Indonésie : morts, disparus et colère populaire face à l’apathie présidentielle
Jakarta, 2 septembre 2025 – Dans les rues de Jakarta, de Yogyakarta, de Bandung et jusqu’à Bali, les chants des manifestants se sont transformés en cris de détresse. Les visages sont marqués par la fatigue, la colère, et la peur. Huit personnes ont déjà perdu la vie, vingt-trois autres sont portées disparues.
Pourtant, face à ce drame humain, le président Prabowo Subianto donne l’impression d’assister à la crise comme un spectateur indifférent, plus soucieux de rétablir l’ordre que de réconforter un peuple meurtri.
Une jeunesse fauchée
Les images circulent : un adolescent de seize ans, Andika Lutfi Falah, gît à terre, la nuque brisée par un coup lors d’affrontements près du Parlement. Son corps est porté par des camarades qui fuient les gaz lacrymogènes. Pour sa famille, vendeurs ambulants modestes, la perte est irrémédiable. Comme lui, plusieurs victimes étaient de simples étudiants ou travailleurs précaires, descendus dans la rue pour dénoncer des privilèges politiques jugés indécents.
Des disparitions inquiétantes
Au-delà des morts, l’ombre des disparus plane sur les manifestations. Selon la Commission pour les Disparus et les Victimes de Violence (KontraS), au moins vingt-trois personnes n’ont pas donné signe de vie depuis le début des répressions. Leurs familles errent de commissariat en commissariat, sans réponse claire. Leurs noms s’ajoutent à une longue liste de citoyens engloutis dans l’opacité des opérations sécuritaires.
Un président de marbre
Prabowo Subianto, ancien général au passé controversé, s’est exprimé à plusieurs reprises. Mais ses paroles résonnent froidement. Certes, il a présenté des condoléances pour un conducteur de livraison mort écrasé par un véhicule blindé. Certes, il a promis de supprimer les allocations de logement des députés, symbole de l’arrogance politique qui a déclenché la colère. Mais très vite, son ton s’est durci : il a évoqué la « trahison » et le « terrorisme » pour qualifier certains manifestants, appelant à une répression « la plus ferme possible ».

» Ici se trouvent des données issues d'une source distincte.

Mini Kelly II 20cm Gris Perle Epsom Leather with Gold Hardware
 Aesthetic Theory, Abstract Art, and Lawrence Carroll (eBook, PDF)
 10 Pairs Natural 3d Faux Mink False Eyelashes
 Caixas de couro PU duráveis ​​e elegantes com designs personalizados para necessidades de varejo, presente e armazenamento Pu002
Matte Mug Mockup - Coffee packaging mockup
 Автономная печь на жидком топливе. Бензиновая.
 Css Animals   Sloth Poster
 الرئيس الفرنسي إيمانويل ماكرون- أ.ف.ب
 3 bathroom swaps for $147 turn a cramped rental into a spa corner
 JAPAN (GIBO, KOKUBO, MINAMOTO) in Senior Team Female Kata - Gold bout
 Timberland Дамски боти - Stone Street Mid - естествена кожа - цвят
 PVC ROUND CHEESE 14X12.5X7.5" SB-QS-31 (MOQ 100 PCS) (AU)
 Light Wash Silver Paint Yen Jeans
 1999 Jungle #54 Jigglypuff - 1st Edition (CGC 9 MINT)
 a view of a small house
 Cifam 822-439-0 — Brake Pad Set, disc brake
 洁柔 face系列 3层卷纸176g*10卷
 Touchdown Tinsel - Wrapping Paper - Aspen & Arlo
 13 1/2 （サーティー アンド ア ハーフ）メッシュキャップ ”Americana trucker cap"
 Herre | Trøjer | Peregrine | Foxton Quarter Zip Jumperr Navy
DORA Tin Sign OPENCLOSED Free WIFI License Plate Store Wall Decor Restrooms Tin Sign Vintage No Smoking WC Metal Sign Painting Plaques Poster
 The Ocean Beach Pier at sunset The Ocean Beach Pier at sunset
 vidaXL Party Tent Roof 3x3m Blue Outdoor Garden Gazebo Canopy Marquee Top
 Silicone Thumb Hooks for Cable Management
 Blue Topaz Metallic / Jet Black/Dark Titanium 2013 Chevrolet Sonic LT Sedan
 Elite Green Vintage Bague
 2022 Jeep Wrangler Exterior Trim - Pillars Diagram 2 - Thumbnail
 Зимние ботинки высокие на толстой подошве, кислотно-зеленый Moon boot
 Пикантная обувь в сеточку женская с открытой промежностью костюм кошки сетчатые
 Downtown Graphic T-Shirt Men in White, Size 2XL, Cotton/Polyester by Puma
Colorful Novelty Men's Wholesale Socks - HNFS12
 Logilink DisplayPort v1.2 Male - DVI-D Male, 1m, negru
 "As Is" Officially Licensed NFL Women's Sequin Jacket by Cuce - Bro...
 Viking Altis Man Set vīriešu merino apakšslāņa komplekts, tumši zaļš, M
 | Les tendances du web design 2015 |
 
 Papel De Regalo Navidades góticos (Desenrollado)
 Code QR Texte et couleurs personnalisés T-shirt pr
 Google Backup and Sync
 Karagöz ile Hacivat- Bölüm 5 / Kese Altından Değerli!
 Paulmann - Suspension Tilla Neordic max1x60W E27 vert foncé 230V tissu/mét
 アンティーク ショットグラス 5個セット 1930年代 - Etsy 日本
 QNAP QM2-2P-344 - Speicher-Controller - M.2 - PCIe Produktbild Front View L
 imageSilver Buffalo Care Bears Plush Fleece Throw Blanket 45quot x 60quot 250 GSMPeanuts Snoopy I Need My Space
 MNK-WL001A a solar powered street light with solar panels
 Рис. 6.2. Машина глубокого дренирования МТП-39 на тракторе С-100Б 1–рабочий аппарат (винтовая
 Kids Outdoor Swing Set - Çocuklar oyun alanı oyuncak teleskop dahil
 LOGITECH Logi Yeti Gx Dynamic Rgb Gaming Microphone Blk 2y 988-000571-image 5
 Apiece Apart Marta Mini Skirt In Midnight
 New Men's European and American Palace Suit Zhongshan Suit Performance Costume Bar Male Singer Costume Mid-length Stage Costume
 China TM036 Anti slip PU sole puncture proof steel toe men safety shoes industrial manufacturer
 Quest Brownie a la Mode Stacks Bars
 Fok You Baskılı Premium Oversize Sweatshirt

Pour les familles endeuillées, ces mots sont un coup supplémentaire. « Comment peut-il parler de terrorisme, alors que nos enfants réclamaient simplement justice ? », s’indigne une mère rencontrée devant un hôpital de Jakarta.
Deux poids, deux mesures
Alors que les familles pleurent leurs morts, les 40 policiers blessés lors des affrontements ont reçu un hommage appuyé. Promotions, décorations et promesses d’aide pour leurs enfants. Ce contraste a choqué. Aux yeux des manifestants, il symbolise une hiérarchie cynique des vies : celles des citoyens, sacrifiables ; celles des forces de l’ordre, honorées.
La colère qui monte
Dans les cortèges, les slogans se sont durcis : « Nous comptons nos morts, ils comptent leurs privilèges. » La défiance s’installe envers un président qui, en pleine tourmente, ne parvient pas à montrer d’empathie véritable. Amnesty International et Human Rights Watch exigent des enquêtes indépendantes sur les violences policières. Mais sur le terrain, la peur domine. Les familles continuent de chercher leurs disparus, tandis que les forces de sécurité verrouillent les rues.
L’ombre d’un pouvoir sourd
L’Indonésie traverse bien plus qu’une crise de gouvernance : c’est une fracture de confiance entre un peuple et son dirigeant. Les manifestants n’attendaient peut-être pas des miracles, mais au moins une main tendue, un signe d’écoute. À la place, ils se heurtent au silence glacial d’un président perçu comme apathique, obsédé par l’ordre et l’image de l’État.
Dans un pays où la mémoire des disparitions forcées reste vive, cette nouvelle vague de morts et d’absents creuse une cicatrice supplémentaire. Et l’apathie du pouvoir ne fait que l’élargir.